───── Data extract ─────
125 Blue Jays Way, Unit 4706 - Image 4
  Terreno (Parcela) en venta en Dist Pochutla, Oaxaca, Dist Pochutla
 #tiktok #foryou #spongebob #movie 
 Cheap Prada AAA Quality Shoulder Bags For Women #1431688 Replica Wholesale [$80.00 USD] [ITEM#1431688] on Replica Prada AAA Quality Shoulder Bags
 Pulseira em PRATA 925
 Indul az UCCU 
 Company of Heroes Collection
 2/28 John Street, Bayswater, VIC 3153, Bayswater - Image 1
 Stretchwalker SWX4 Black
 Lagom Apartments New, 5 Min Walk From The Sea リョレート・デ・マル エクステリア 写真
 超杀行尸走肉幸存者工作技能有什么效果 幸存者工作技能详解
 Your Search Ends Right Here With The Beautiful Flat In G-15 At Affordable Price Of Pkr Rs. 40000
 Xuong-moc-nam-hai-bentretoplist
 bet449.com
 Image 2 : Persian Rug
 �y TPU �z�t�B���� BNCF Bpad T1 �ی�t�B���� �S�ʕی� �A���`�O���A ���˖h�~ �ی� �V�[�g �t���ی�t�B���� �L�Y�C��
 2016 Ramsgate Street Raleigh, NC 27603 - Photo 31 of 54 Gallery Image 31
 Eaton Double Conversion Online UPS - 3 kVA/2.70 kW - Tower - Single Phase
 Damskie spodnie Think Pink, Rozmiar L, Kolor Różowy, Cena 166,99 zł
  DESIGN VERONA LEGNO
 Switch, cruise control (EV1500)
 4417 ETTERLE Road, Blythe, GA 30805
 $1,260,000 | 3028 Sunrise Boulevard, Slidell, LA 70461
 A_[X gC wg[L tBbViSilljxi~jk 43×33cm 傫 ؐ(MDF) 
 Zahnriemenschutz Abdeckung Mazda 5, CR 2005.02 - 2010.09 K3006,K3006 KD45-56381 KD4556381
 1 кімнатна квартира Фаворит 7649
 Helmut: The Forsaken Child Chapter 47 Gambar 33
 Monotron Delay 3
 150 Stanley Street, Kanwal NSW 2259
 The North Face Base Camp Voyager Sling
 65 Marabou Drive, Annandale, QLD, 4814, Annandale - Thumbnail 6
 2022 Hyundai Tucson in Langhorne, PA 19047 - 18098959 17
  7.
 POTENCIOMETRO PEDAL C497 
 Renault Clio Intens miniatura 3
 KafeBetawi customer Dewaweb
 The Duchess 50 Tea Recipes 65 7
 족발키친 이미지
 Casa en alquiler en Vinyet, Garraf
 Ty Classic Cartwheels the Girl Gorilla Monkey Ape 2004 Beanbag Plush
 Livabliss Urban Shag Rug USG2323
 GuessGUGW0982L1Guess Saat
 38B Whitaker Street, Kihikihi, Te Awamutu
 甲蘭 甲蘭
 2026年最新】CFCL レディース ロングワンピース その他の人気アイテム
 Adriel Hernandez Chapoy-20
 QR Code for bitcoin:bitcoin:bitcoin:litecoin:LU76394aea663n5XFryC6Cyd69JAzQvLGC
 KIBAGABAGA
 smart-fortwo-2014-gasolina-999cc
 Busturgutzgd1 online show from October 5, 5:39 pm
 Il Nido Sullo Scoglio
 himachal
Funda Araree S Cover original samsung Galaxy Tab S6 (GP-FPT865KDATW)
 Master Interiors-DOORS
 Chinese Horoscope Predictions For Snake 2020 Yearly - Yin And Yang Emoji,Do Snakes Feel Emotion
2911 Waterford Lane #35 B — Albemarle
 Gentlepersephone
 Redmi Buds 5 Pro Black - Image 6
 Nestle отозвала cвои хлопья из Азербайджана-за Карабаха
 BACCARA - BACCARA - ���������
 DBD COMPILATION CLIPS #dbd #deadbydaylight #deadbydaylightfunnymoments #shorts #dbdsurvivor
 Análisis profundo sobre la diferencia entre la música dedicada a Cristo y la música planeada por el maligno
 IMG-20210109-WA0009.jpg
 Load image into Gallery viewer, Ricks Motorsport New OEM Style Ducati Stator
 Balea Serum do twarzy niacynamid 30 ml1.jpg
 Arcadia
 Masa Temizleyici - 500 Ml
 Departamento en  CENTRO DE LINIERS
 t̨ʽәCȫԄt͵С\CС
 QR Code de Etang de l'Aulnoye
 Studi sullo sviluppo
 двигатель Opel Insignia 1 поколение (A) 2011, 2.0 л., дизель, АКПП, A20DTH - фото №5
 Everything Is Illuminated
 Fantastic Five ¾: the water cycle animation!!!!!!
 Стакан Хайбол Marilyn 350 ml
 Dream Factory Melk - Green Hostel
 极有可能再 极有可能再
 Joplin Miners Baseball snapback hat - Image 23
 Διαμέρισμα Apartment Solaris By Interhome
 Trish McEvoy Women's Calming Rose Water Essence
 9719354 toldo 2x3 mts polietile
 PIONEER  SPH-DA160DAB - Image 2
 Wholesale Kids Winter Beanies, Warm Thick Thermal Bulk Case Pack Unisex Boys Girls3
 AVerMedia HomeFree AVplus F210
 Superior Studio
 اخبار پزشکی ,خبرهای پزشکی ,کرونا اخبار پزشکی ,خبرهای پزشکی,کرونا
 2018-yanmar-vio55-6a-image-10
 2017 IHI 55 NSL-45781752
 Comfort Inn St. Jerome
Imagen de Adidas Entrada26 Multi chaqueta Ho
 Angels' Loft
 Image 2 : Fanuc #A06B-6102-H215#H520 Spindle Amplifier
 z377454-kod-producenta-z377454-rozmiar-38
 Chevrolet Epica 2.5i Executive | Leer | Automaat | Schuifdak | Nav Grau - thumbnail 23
─────
**What you are asked to do:** Nothing but a number belongs in the answer, namely how many lines above include "Women".

**Output for this task:** 2